Das Gebäude liegt weit draußen, die S-Bahn fährt nur stündlich bei der nahen Station Inzersdorf vorbei, 400 Meter dahinter donnert der Verkehr über die Südost-Tangente. Die Gebäude in der Gegend sind schmucklos und klobig, eine große Filiale einer Handwerkerbedarfkette dominiert das Bild. Dort liegt das Katastrophenhilfezentrum des Roten Kreuzes. Direkt daneben ein modernes Gebäude mit viel Glas an dem große Plakate mit Rindsrouladen hängen, der Schriftzug Kulinarik prangt darunter. Im Erdgeschoß des Katastrophenhilfezentrums stehen etwa 20 Menschen in einer Schlange in einem hellen, sauberen Warteraum. Sie sind Flüchtlinge, AsylwerberInnen, Untergetauchte, die sonst keine medizinische Versorgung hätten.

Sein, auch wenn man krank ist

"Diese Menschen sind es nicht gewöhnt, ernst genommen, ja überhaupt wahrgenommen zu werden, aber hier sollen sie merken: du darfst sein, hier darfst du sein, auch wenn du krank bist", sagt Erica Riener, die Leiterin von AMBER-MED, eine Organisation, die Menschen kostenlos und anonym medizinische Versorgung anbietet. Am 12. Jänner 2004 startete AMBER-MED in einer Ordination im 4. Wiener Gemeindebezirk, 2006 übersiedelte man nach Inzersdorf. "Es ist mir schon wichtig zu sagen, dass das ganze Medizin- und Dolmetschteam, im Ganzen über 30 Menschen, ehrenamtlich und unbezahlt arbeitet."

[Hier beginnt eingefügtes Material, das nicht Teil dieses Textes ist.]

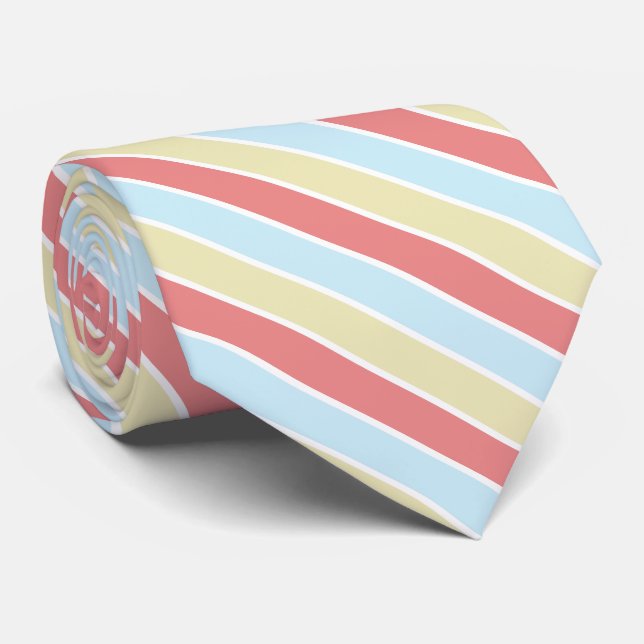 Light Red Blue Grönt White Rand Slips (Rullad)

Jährlich gibt es etwa 950 PatientInnen, 40 Prozent werden von anderen Betreuungs- und Beratungseinrichtungen überwiesen, die restlichen 60 Prozent kommen durch Mundpropaganda. AMBER-MED ist eine Kooperation zwischen dem Diakonie-Flüchtlingsdienst und dem Österreichischen Roten Kreuz, die Diakonie fungiert als Trägerverein, das Rote Kreuz unterstützt mit Medienpräsenz und Sachleistungen, vor allem durch den kostenlosen Zugang zu Medikamenten. Inzwischen wurde ein Netz von anderen Medizinern und Labors geknüpft, die auch kostenfrei für AMBER-MED-PatientInnen arbeiten. "Wir hatten einen Mann aus Rumänien oder Bulgarien, noch keine 40, seine Arbeitshand war verkrüppelt. Wir konnten durch unsere Kontakte eine ambulante Operation bei einem Arzt, die postoperative Betreuung bei einem anderen und die Therapie bei einem weiterem Arzt organisieren, das ganze kostenlos. Ein Dreiviertel-Jahr später konnte er wieder arbeiten", erzählt Riener.

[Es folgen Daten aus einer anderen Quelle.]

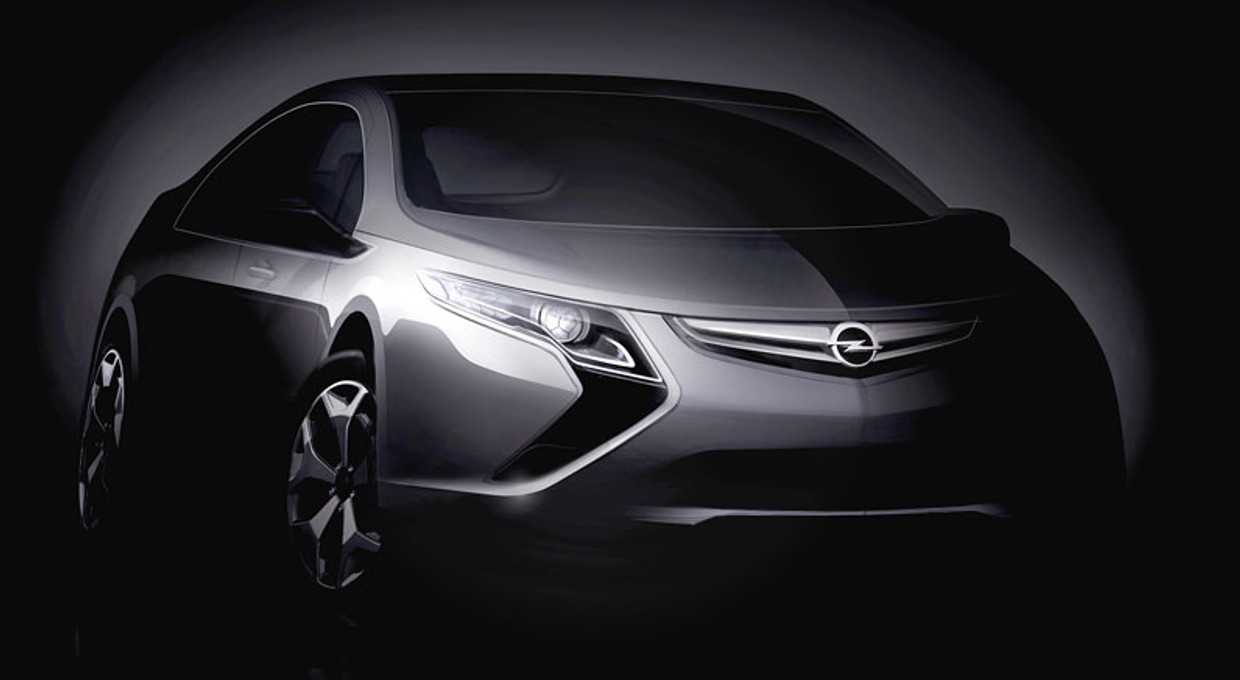 Genewa 2009: elektryczny Opel Ampera dołączył do Volta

Schlafstörungen, Kopfschmerzen

Die PatientInnen von AMBER-MED kommen aus der ganzen Welt, viele können kein Deutsch, viele sind auch in ihrer Muttersprache nicht alphabetisiert, dementsprechend schwer fällt das Deutschlernen. Die Krankheiten seien vielfältig, es gebe, so Riener, aber einige psychosomatische Symptome, die immer wieder auftauchen: "Kopfschmerzen, Probleme mit dem Rücken, der ganze Stützapparat des Körpers leidet." Häufig seien auch Schlafstörungen, Magen-Darm-Probleme, schlechte Zähne, aber auch Diabetes und Bluthochdruck: "Wenn wir eine besondere Diät als Therapie verschreiben, haben die Menschen kein Geld, die entsprechenden Lebensmittel zu kaufen." Am Nebengebäude flattert immer noch das Plakat mit den Rindsrouladen.

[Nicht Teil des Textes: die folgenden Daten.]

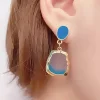 淡雅晶透水藍×軟墊三角耳夾-第5張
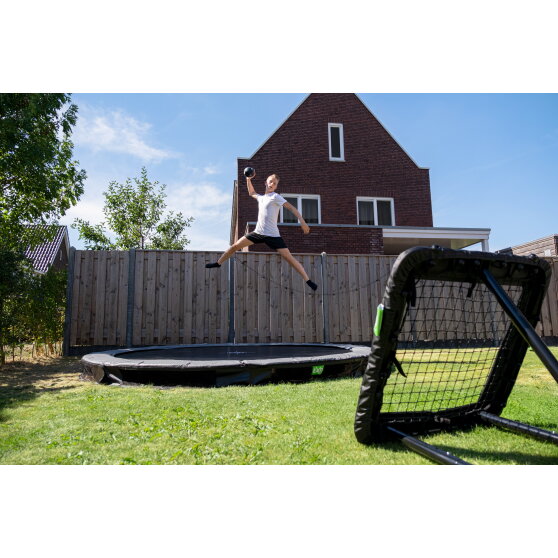 Trampoline enterré EXIT Elegant sports ø427cm - noir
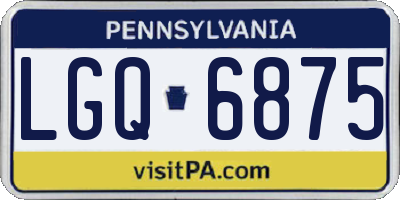 PA license plate LGQ6875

Viele leiden unter einem posttraumatischen Belastungssyndrom, sie hatten nie die Gelegenheit, das Erfahrene zu verarbeiten. "Ein Großteil der Menschen, die herkommen, lebt oft über lange Zeit knapp an oder über der Verwahrlosungsgrenze; diese Menschen leiden unter extrem hohem Überlebensstress. Ich erlebe oft, dass sie wichtige Unterlagen versteckt bei sich tragen, und wenn wir ihnen Kopien davon geben und Klarsichtfolien, weil das Original schon fast zerfällt, stehen sie ratlos da, sie wissen nicht, wie sie es lagern sollten. Sie können in dem Stress des Überlebens einfach keine geregelte Existenz aufbauen, in der man Dokumente aufbewahrt".
Unter dieser Verwahrlosung leiden vor allem auch Kinder. Eltern die mit Überleben beschäftigt sind, schaffen es kaum, Zuwendung für sie aufzubringen. Auch leiden Kinder viel mehr an Mangelernährungen.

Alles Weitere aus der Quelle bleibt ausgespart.